[openssh] - Merging selabel patch with the upstream version. (#632914)
Jan F. Chadima
jfch2222 at fedoraproject.org
Mon Sep 13 09:38:50 UTC 2010
commit 84d568abccd3606b312b5ce5b0ad6ca911cd8284
Author: Jan F <jfch at hagar.bobr>
Date: Mon Sep 13 11:38:26 2010 +0200
- Merging selabel patch with the upstream version. (#632914)

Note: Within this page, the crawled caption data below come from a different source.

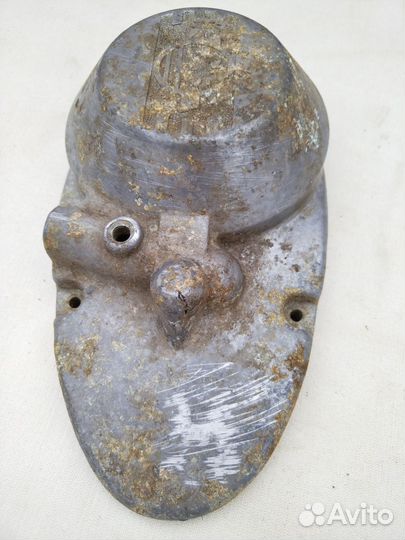 Запчасти Для мопеда СССР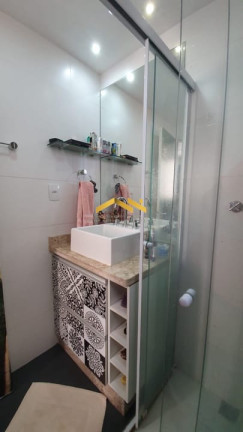 Imagem Apartamento com 2 Quartos à Venda, 67 m² em Vila Sonia - São Paulo Imagem Apartamento com 2 Quartos à Venda, 67 m² em Vila Sonia - São Paulo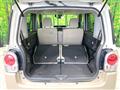 2017 Daihatsu Move Canbus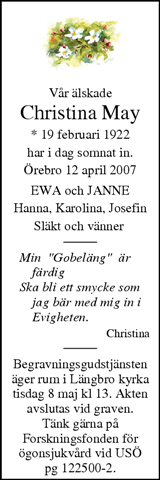 Nerikes Allehanda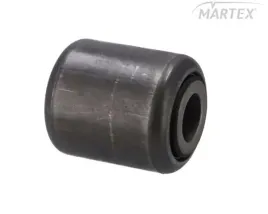 tuleja-24x60x72-bpw-met-gum-bpw-0203142400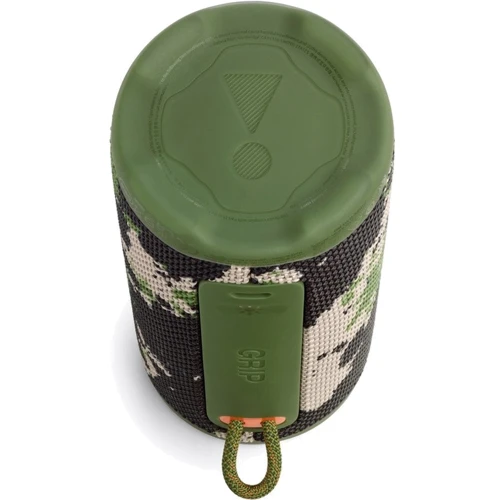 Акустика JBL Grip Squad (JBLGRIPSQUAD) UA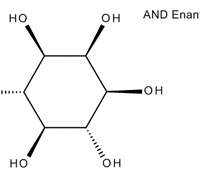 MESO-INOSITOL FOR BIOCHEMISTRY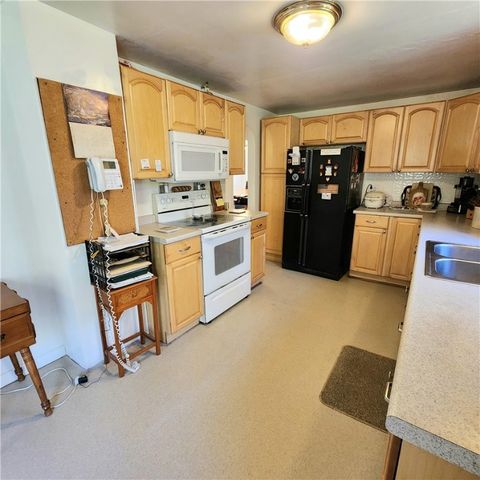 10886 Cox Road, Hornby, NY 14812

openssh-5.6p1-selabel.patch | 85 +++++++++++++++++++++++++++++++++++--------
openssh.spec | 5 ++-
2 files changed, 73 insertions(+), 17 deletions(-)
---
diff --git a/openssh-5.6p1-selabel.patch b/openssh-5.6p1-selabel.patch
index 1cdc7d5..ff5d1f3 100644
--- a/openssh-5.6p1-selabel.patch
+++ b/openssh-5.6p1-selabel.patch
@@ -1,6 +1,44 @@
+diff -up openssh-5.6p1/configure.ac.selabel openssh-5.6p1/configure.ac
+--- openssh-5.6p1/configure.ac.selabel 2010-09-13 11:20:47.000000000 +0200
++++ openssh-5.6p1/configure.ac 2010-09-13 11:20:50.000000000 +0200
+@@ -700,7 +700,6 @@ mips-sony-bsd|mips-sony-newsos4)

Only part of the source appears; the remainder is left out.